A weak conservative infrastructure
If Canada’s Conservative Party is to succeed it will do so without anything like the conservative infrastructure that nourishes the Republican Party south of the border. Former Reform leader Preston Manning is investing in a series of conferences to train young conservatives in building new organisations and running campaigns. The Fraser Institute and Montreal Economic Institute provide detailed policy thinking but are not campaigners. Blogging Tories is the clearing house for an increasingly lively right-of-centre webroots and the Canadian Taxpayers’ Federation is a twenty year-old campaign against government waste and higher taxes. But they are Davids when set against the left-leaning newspapers and television stations that dominate the media marketplace. The National Post newspaper – particularly when John O’Sullivan ran its editorial pages – looked set to perform the intellectual leadership role that the Wall Street Journal played in America but it has now drifted somewhat into a platform for a broader range of views.
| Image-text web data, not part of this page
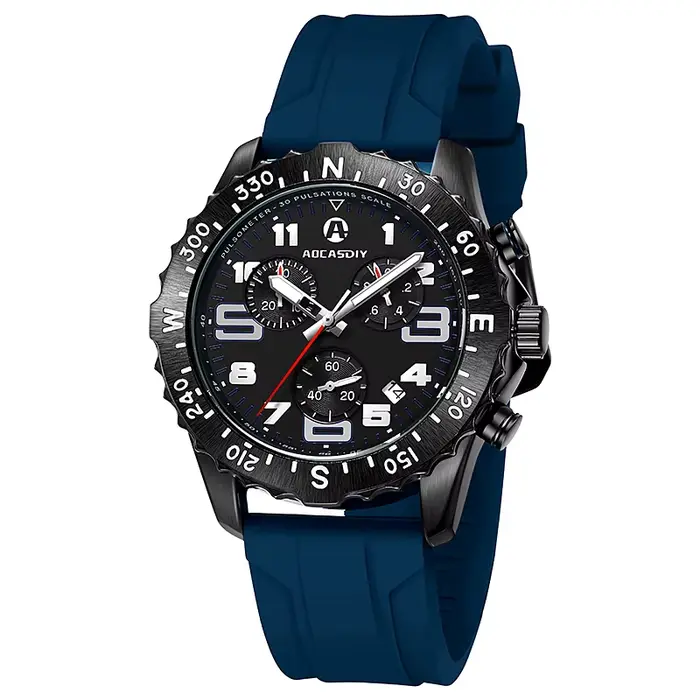 Montre à quartz pour homme, tendance, multifonctionnelle, grand cadran, étanche, montre à quartz spo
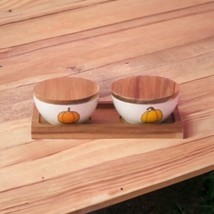 Rae Dunn Set of 2 Pinch Bowls Harvest Blessed Gift Set Pumpkin Gift NEW - $36.58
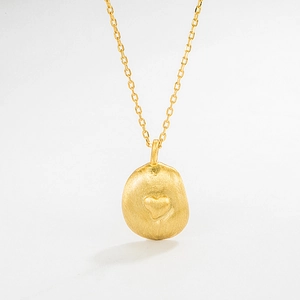 Minimalist 925 Sterling Silver Heart Pendant Necklace Brushed Texture 18K Gold Plated Clavicle Chain Jewelry For Women Gift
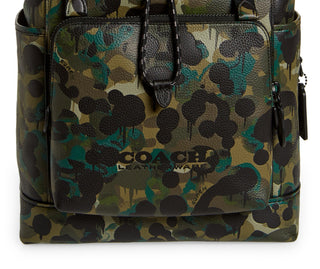 Coach Men's League Camo Print Leather Backpack Green Size Regular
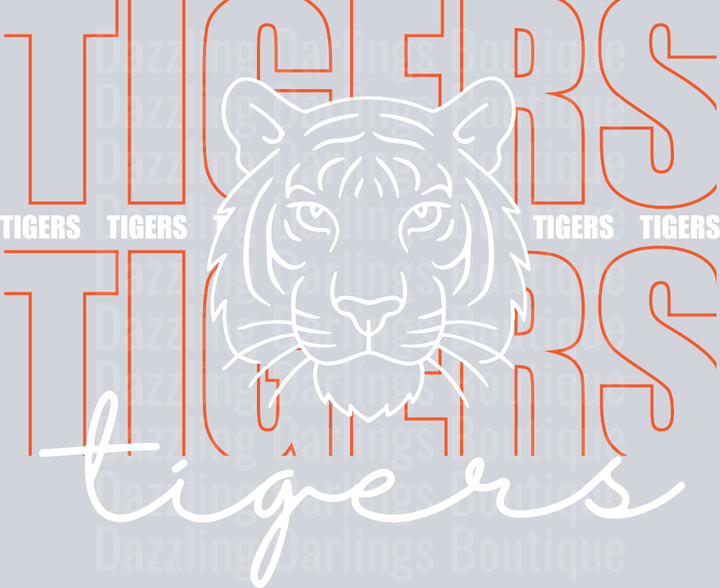 Auburn Tigers Orange Outline Repeat Text Tiger Face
Macleans magazine – the Canadian Time – has also found more space for conservative perspectives under the respected Ken Whyte. The Conservative Government itself is seemingly aware of the need to change the terms of national discourse. It has defunded a range of leftist advocacy groups that grew fat from Liberal Government subsidies. It is also carefully including a range of more mainstream groups – particularly Christian, farming and hunting associations – that have previously been seriously listened to by Ottawa’s political establishment.
Eighteen months after becoming Prime Minister Stephen Harper’s popularity ratings are more or less the same as when he was elected although Canadians are becoming more relaxed with the idea of having Conservatives in charge. David Frum told me that he has yet to close the deal with the Canadian people and some commentators worry that he would be vulnerable to a Liberal Party with a stronger leader – such as Michael Ignatieff. A new election could be called at any time but the unpopularity of Stephane Dion, the current Liberal leader, means that there is no imminent likelihood that the Liberals will force a ballot. Dion has been subject to relentless blog and video attacks from Canada’s Conservatives (see the ‘Not A Leader’ videos). They have helped the public come to see him as remote from average Canadians. The news that he ate a hot dog with a knife and fork has become totemic and was lampooned throughout the blogosphere. There are now strict limits on the size of donations to Canada’s political parties. This has forced the parties into forms of retail fundraising and Canada’s Conservatives are proving much more adept at it. They have a much bigger warchest for the making and broadcasting of US-style TV adverts. The next Conservative campaign will be run from a modern, multi-media campaign centre in the suburbs of Ottawa. There is certainly an optimism amongst Canada’s Conservatives. The long years in opposition have produced a real hunger and desire to stay in power and build a governing majority. With conservatives struggling in Britain, America and Australia we can only hope that Team Harper will succeed.